## EXERCISE REQUIREMENTS
Take the lines from the one containing "Adwokat musi uzasadnić odmowę kasacji" through the end of the material and write them out exactly, omitting pictures.

## DATA PROVIDED

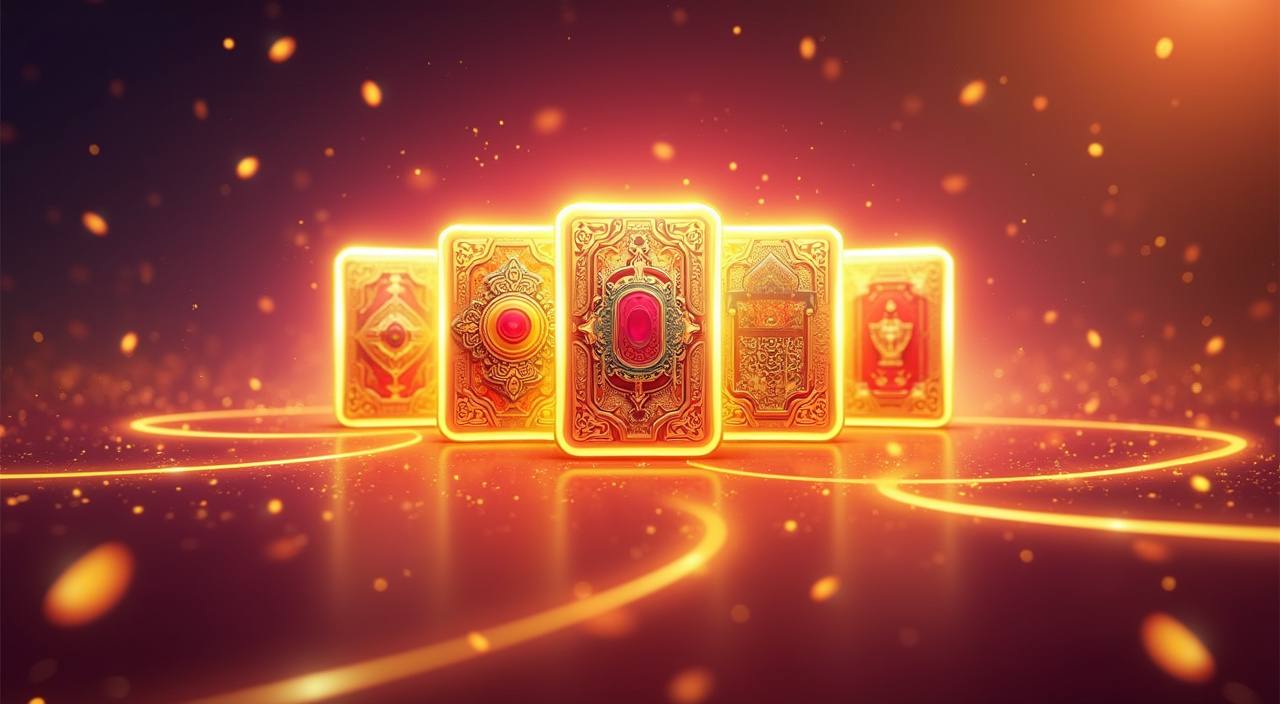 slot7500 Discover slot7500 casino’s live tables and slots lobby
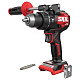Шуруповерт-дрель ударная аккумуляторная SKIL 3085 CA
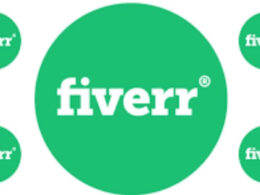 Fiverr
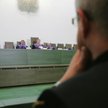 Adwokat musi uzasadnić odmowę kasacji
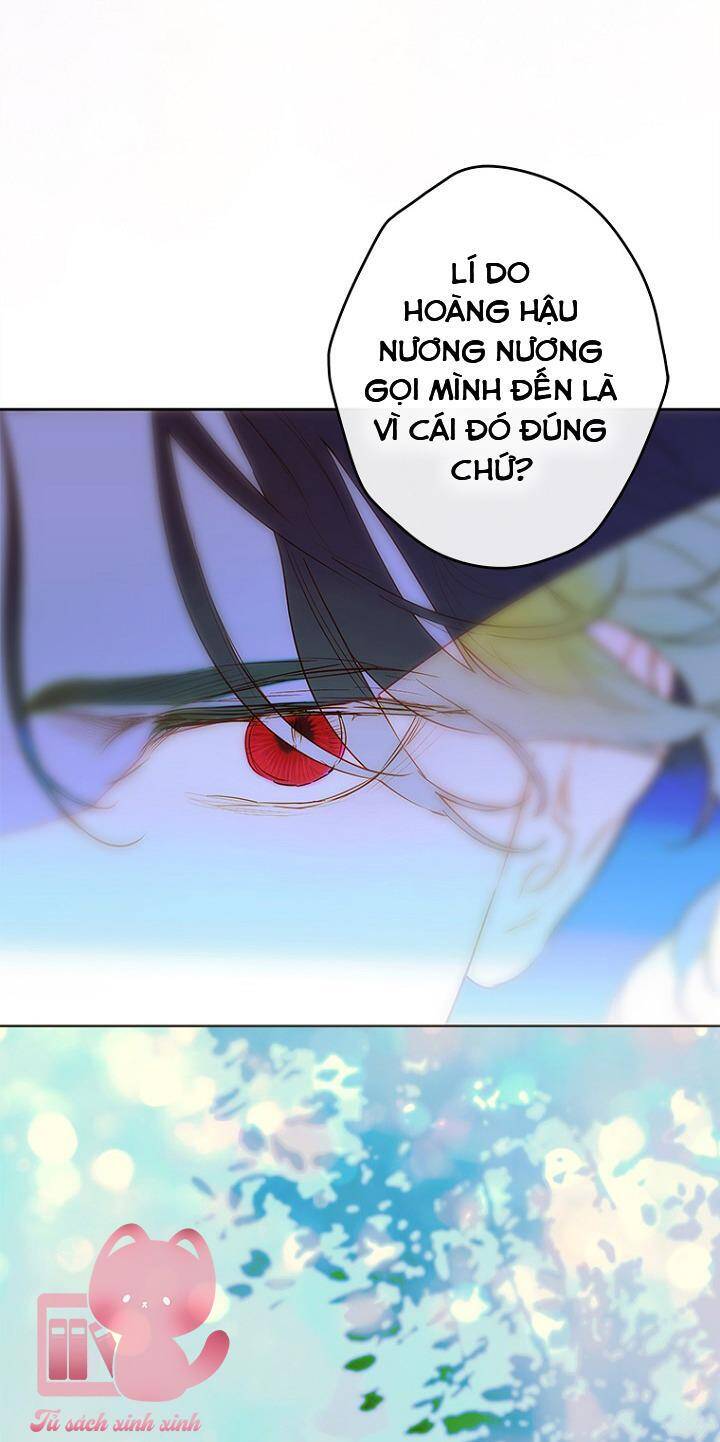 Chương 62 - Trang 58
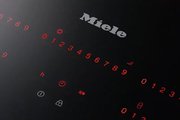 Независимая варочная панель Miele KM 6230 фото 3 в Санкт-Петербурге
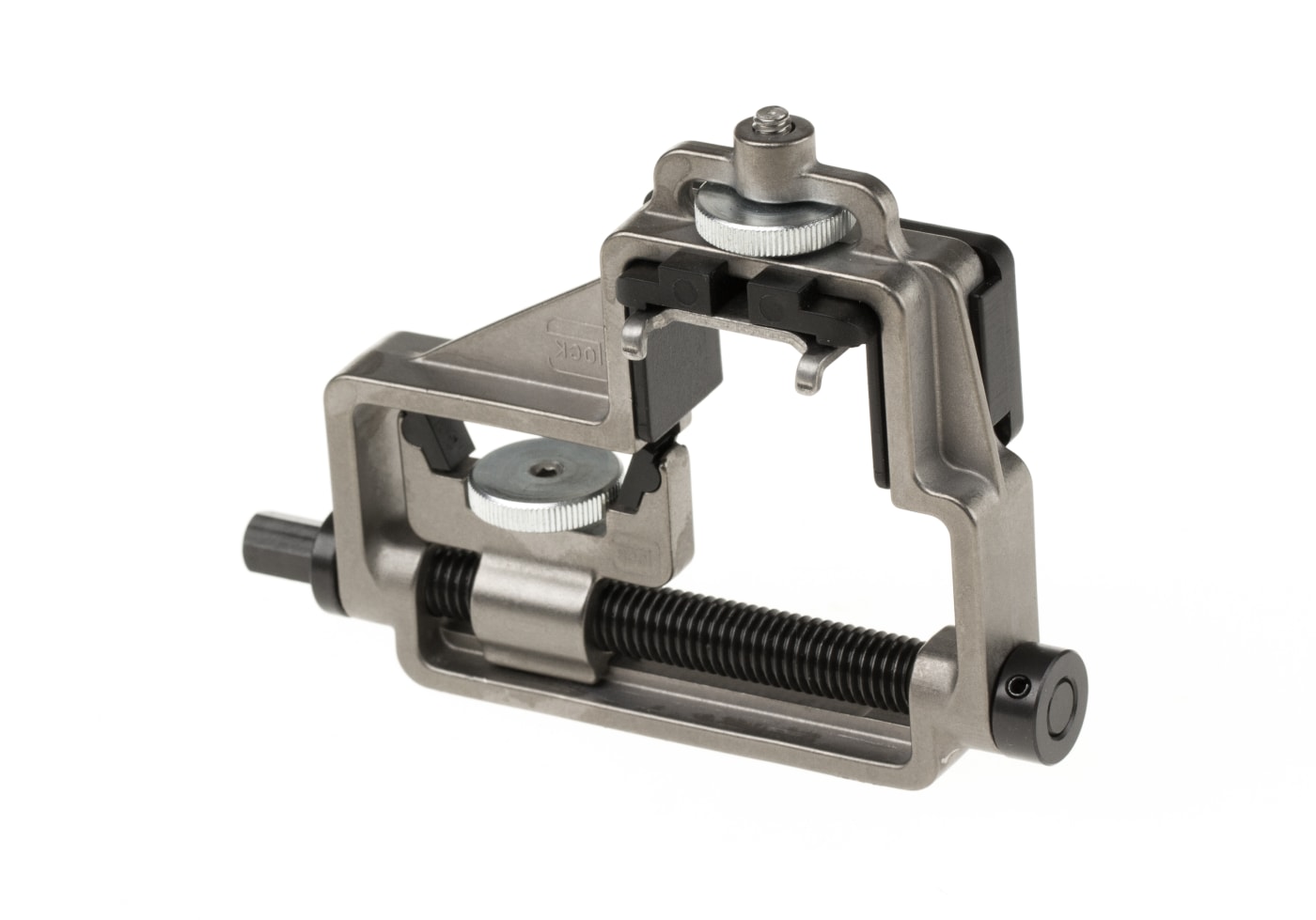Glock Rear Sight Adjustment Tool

## WRITTEN ANSWER
 Adwokat musi uzasadnić odmowę kasacji
 Chương 62 - Trang 58
 Независимая варочная панель Miele KM 6230 фото 3 в Санкт-Петербурге
Glock Rear Sight Adjustment Tool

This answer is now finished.